The Beautiful Noise shoegazer documentary is finally complete and making the festival rounds, with a general release scheduled by year’s end. Director Eric Green recently sat down with Drowned in Sound for an extensive interview that covers the film’s genesis, who was interviewed and why, and much, much more.

Anil Dash has written a sobering article reminding us that the line between “public” and “private” information is almost non-existant today: “Public is not just what can be viewed by others, but a fragile set of social conventions about what behaviors are acceptable and appropriate. There are people determined to profit from expanding and redefining what’s public, working to treat nearly everything we say or do as a public work they can exploit. They may succeed before we even put up a fight.” Via

Mark Strauss explores some of the ways Christianity might handle the theological conundrums of extraterrestrial life: “O‘Meara, in fact, raises the possibility of a seventh option to consider, which is not on Kuhn’s list. What if Earth and humanity merited God’s unique intervention because we are the only species in the universe who actually needed redemption? There can be other worlds with other creatures — but they are not necessarily implicated in our world of sins, they would not need a savior.” Related: J.W. Wartick pushes back against the claim that aliens can’t have salvation.

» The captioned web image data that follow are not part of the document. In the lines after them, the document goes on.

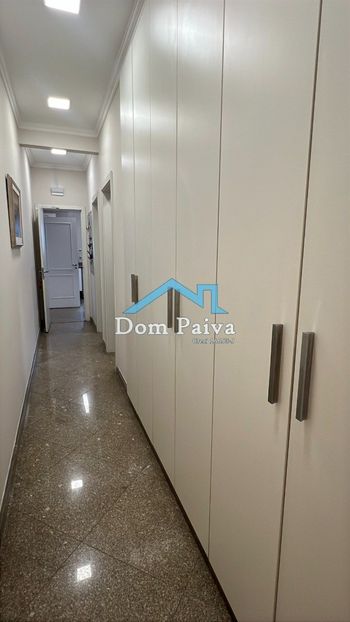 Foto 45 do(a) Apartamento de 4 quartos à venda em Moema, São Paulo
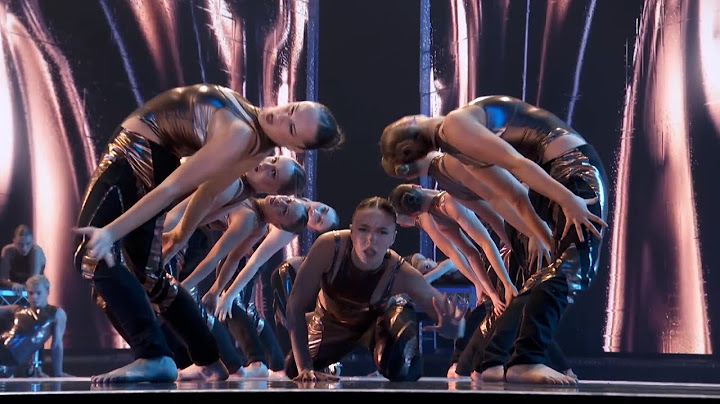 Brent Street Dance to Billie Eilish's Song with Cool Choreography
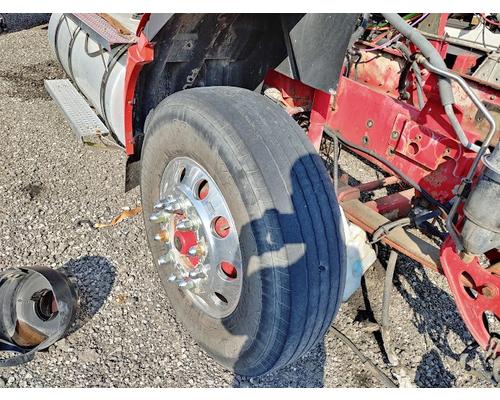 INTERNATIONAL Prostar Parts Vehicles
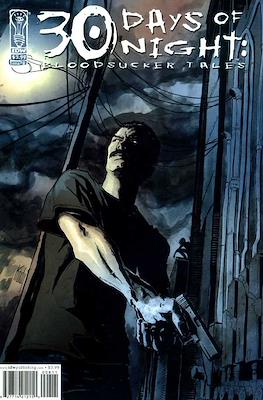 30 Days Of Night: Bloodsucker Tales (Comic Book 32 pp) #8
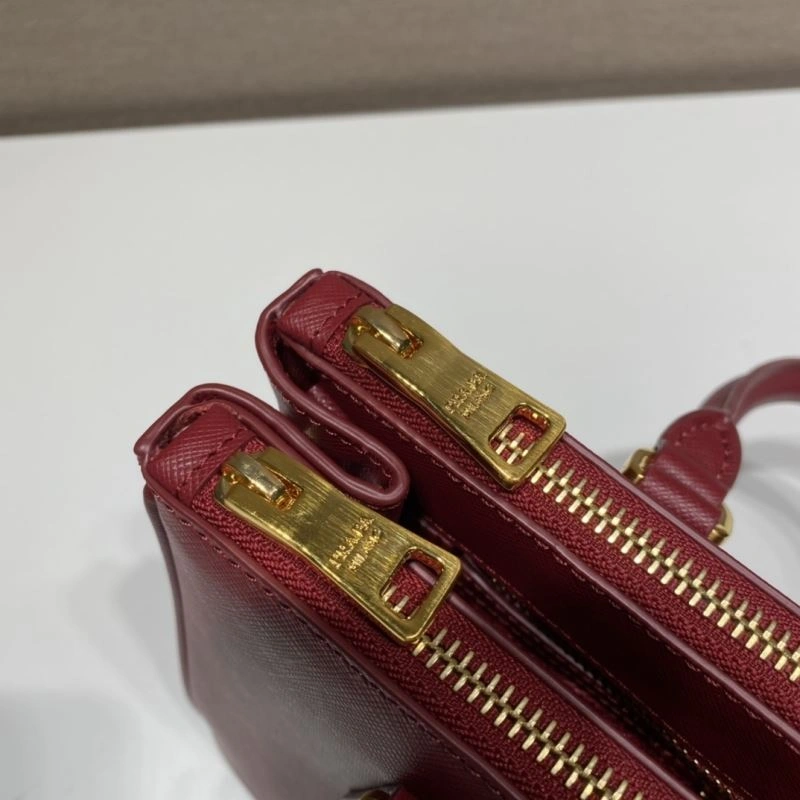 Prada Top Handle Bags 4099F-0075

I recently attended an airshow, and while many of the airplanes I saw were impressive, I did miss seeing the ol’ F-14 Tomcat. A former F-14 officer reminisces about his days flying the Tomcat, reflects on why it was so influential, and considers the current state of naval aircraft. “I always like to say there are two kinds of people in this world: those who were a part of it (the Tomcat Community) and those who wish they were. I don’t think we will ever have a plane that captures and defines a culture as strongly as the F-14 Tomcat did. It was camaraderie, hard work, fun, rock and roll, and sex appeal all rolled into one.”